#### Work instructions:
Starting with the line that contains "The Serta Perfect", copy every line through the end of the listing, exactly and only those. No pictures should appear in the copy.
++++ Provided data
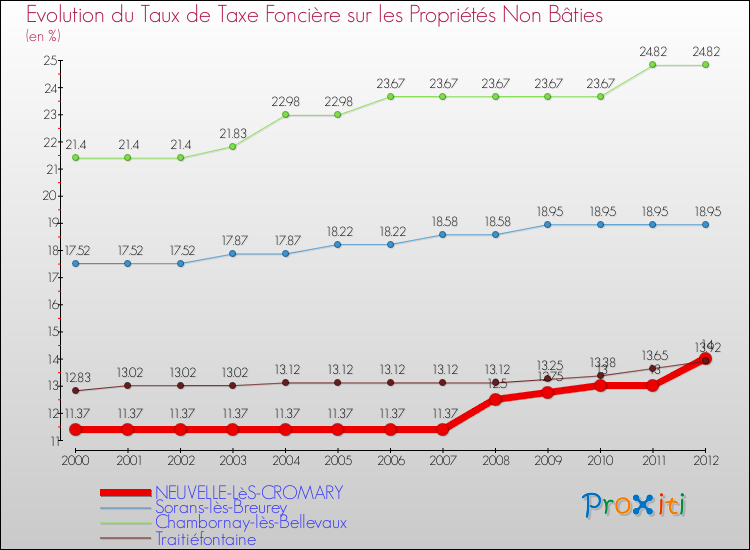 Evolution du taux de la taxe foncière sur les immeubles et terrains non batis pour NEUVELLE-LèS-CROMARY et les communes proches de 2000 à 2012 Comparaison des taux de la taxe foncière sur les immeubles et terrains non batis pour NEUVELLE-LèS-CROMARY et les communes voisines de 2000 à 2012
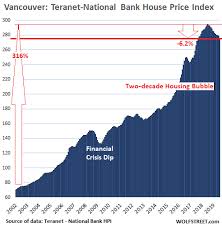 The ubs global real estate bubble index 2020 put toronto in the risk. Canada S Most Splendid Housing Bubbles July Update Wolf Street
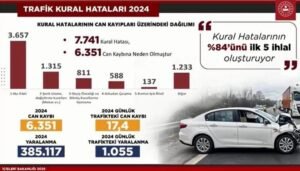Trafik Cezalarında Yeni Dönem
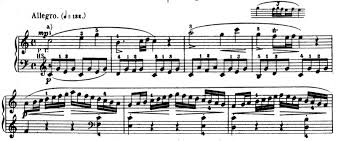 Musical passages are divided into segments called measures. Piano Sight Reading For Beginners Pianist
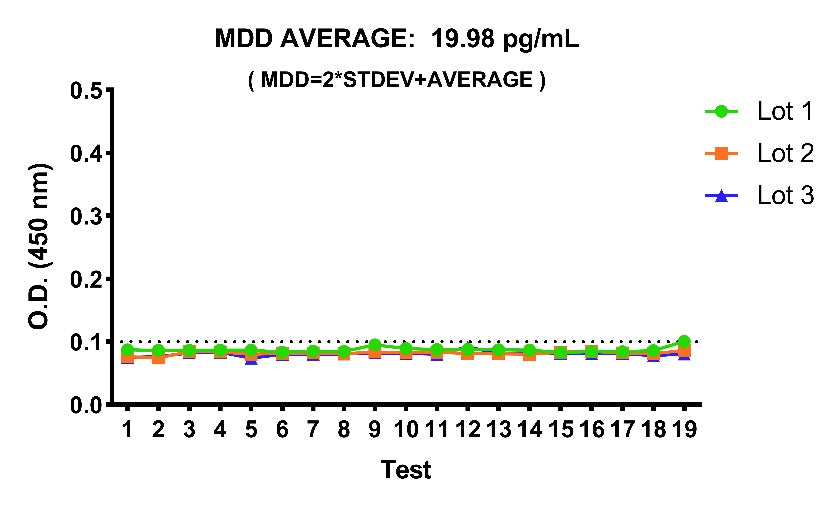 Human IL-23 culture media OneStep ELISA Kit
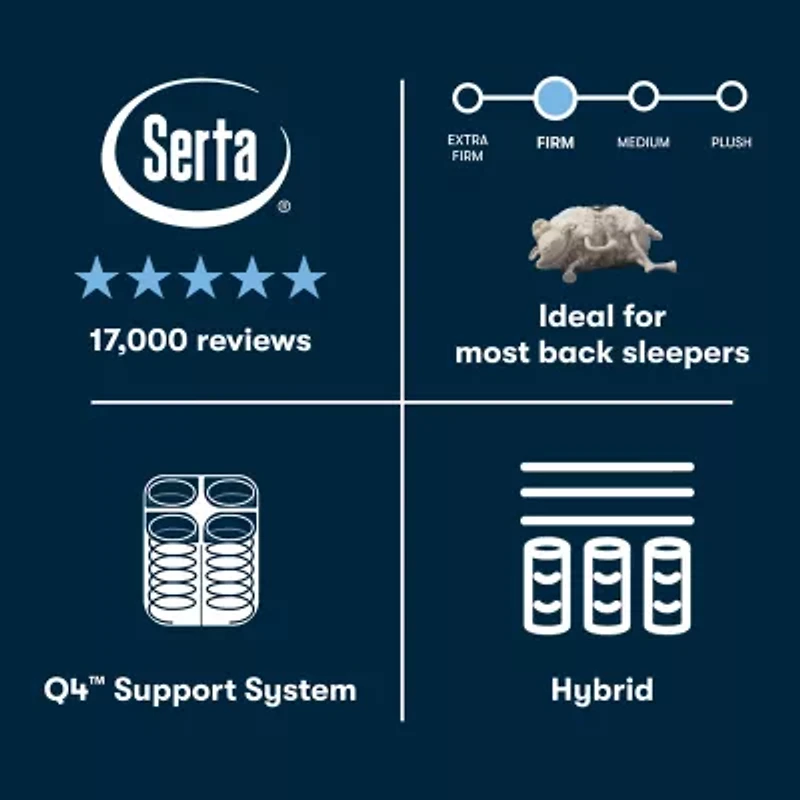 The Serta Perfect Sleeper Morningdale Hybrid 14.5" Firm Tight Top - Mattress + Adjustable Base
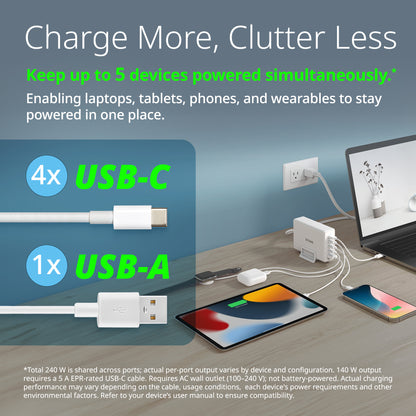 240W Desktop GaN Charger - DCF-241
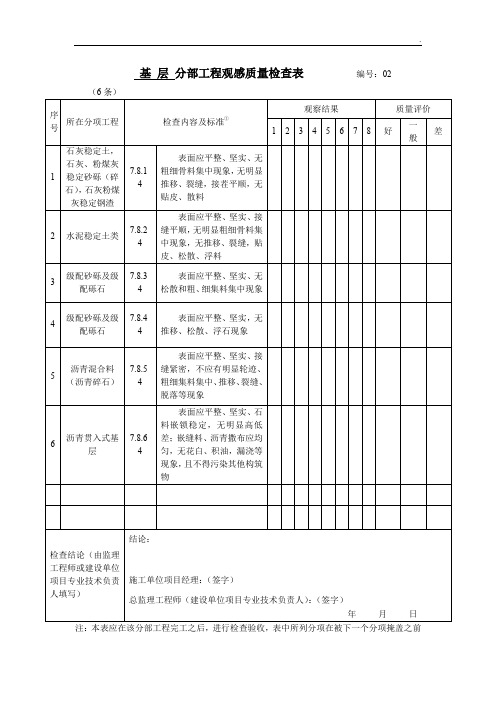 水泥稳定土类基层及底基层检验批质量检验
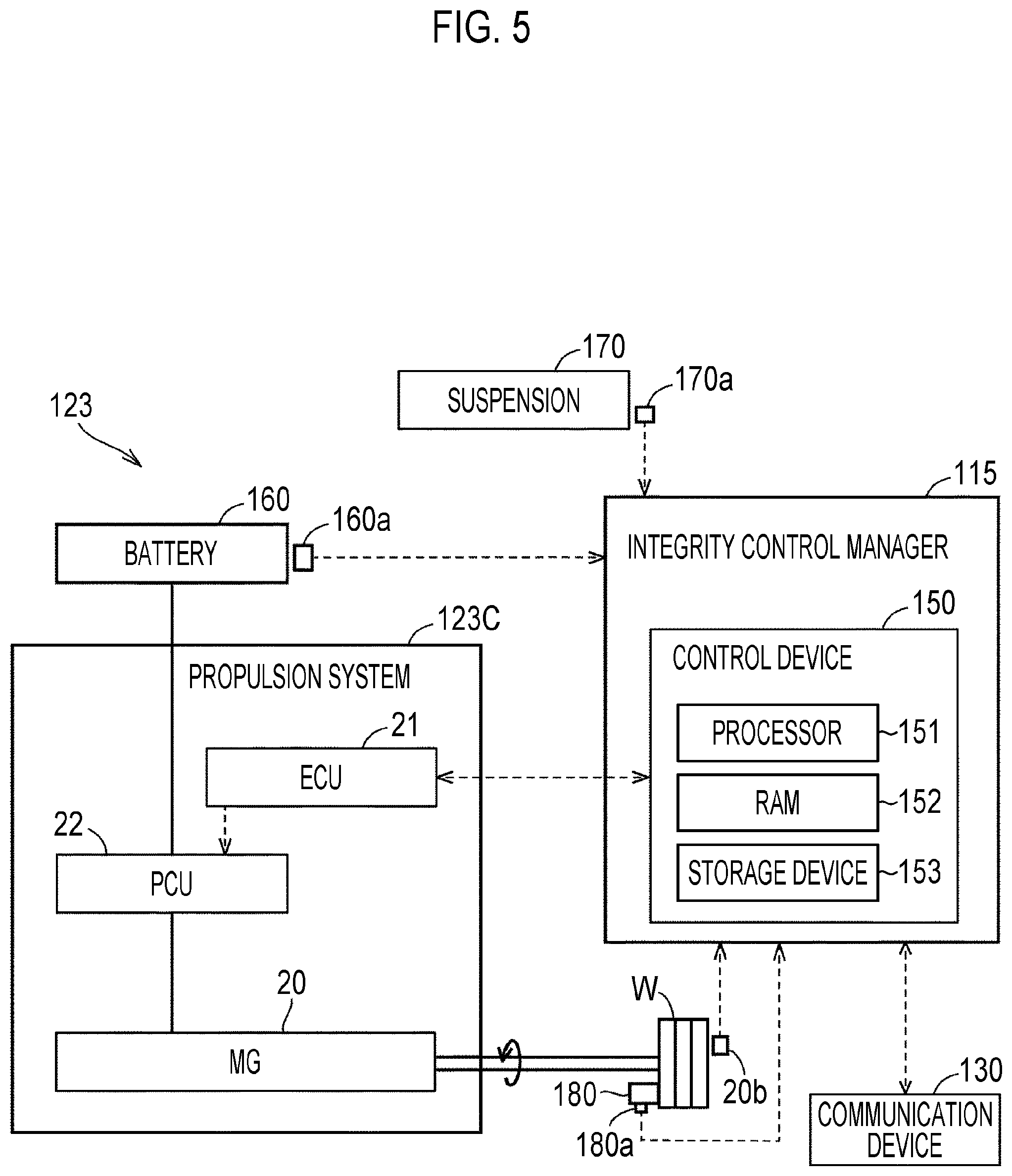 Patent US12347245 Figure 5 – Vehicle management system and vehicle inspection method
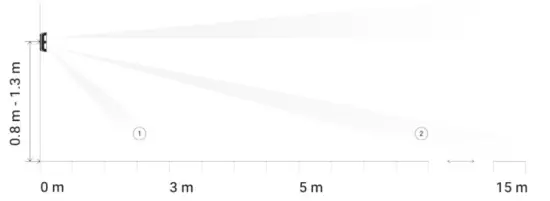 installation procedure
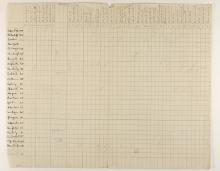 1919-21 Sedment, Lahun Distribution grid PMA/WFP1/D/24/6.1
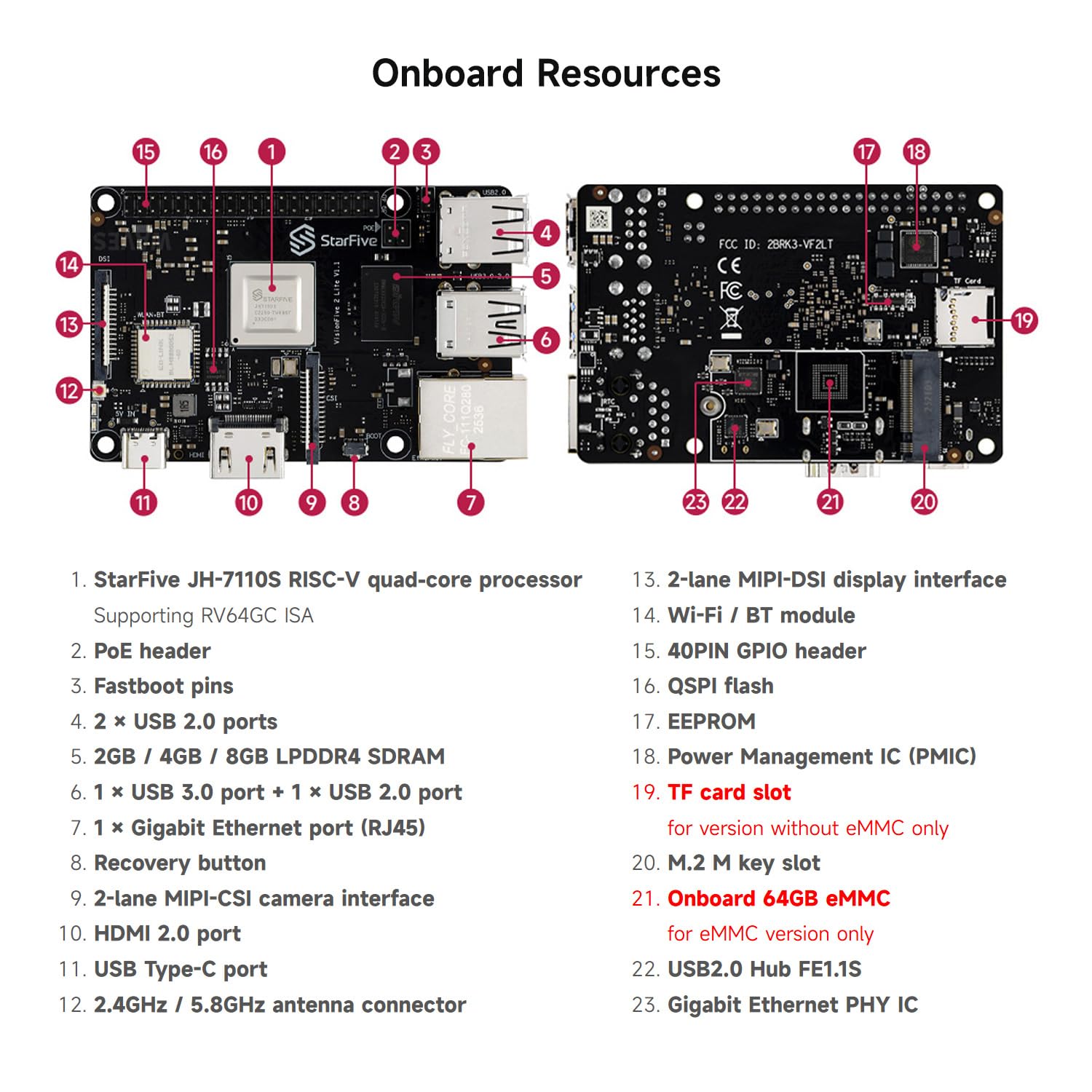 waveshare-visionfive2-lite-risc-v-single-board-computer-4gb-ram-mit-wifi-modul image 6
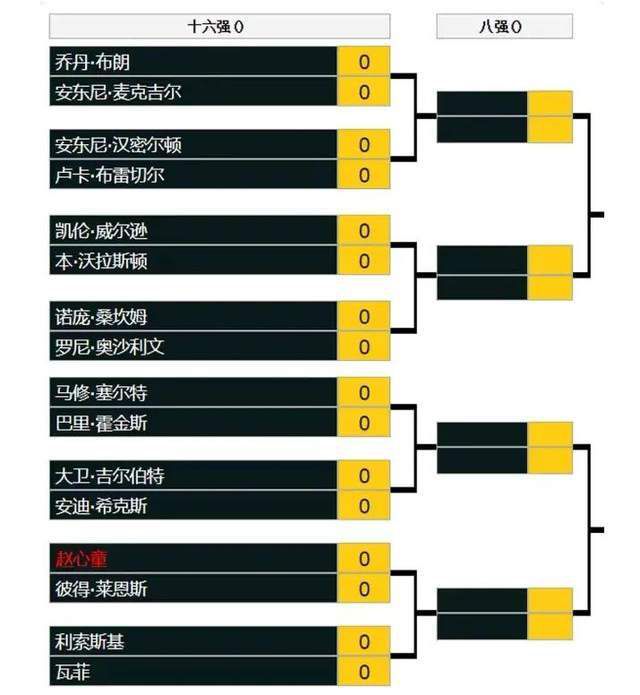 第93分钟，克里斯滕森突破倒三角回敲，佩莱格里尼打门被孔西利扑出。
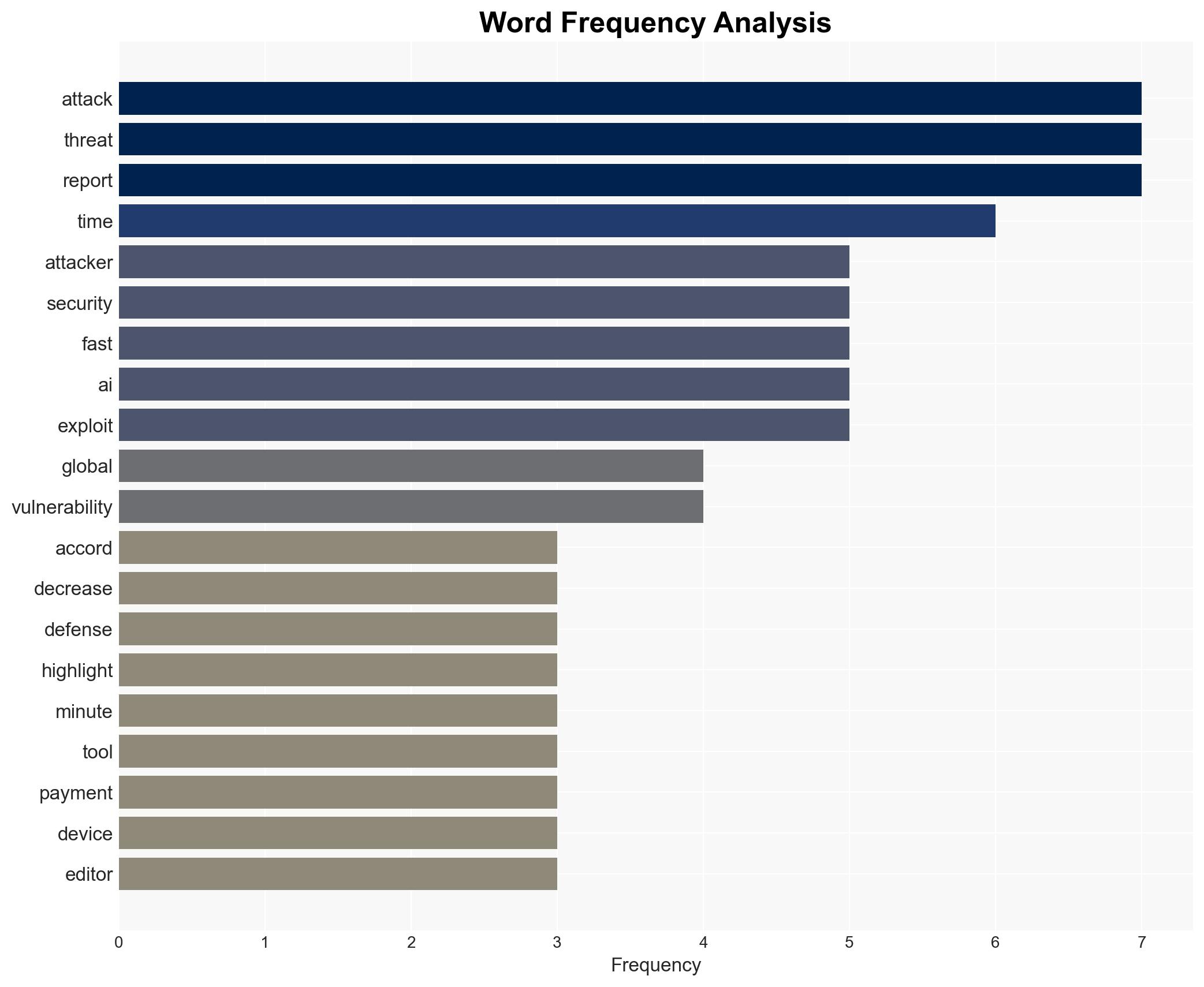 News brief Attackers gain speed in cybersecurity race - Image 3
++++++++
#### Exercise solution:
 The Serta Perfect Sleeper Morningdale Hybrid 14.5" Firm Tight Top - Mattress + Adjustable Base
 240W Desktop GaN Charger - DCF-241
 水泥稳定土类基层及底基层检验批质量检验
 Patent US12347245 Figure 5 – Vehicle management system and vehicle inspection method
 installation procedure
 1919-21 Sedment, Lahun Distribution grid PMA/WFP1/D/24/6.1
 waveshare-visionfive2-lite-risc-v-single-board-computer-4gb-ram-mit-wifi-modul image 6
 第93分钟，克里斯滕森突破倒三角回敲，佩莱格里尼打门被孔西利扑出。
 News brief Attackers gain speed in cybersecurity race - Image 3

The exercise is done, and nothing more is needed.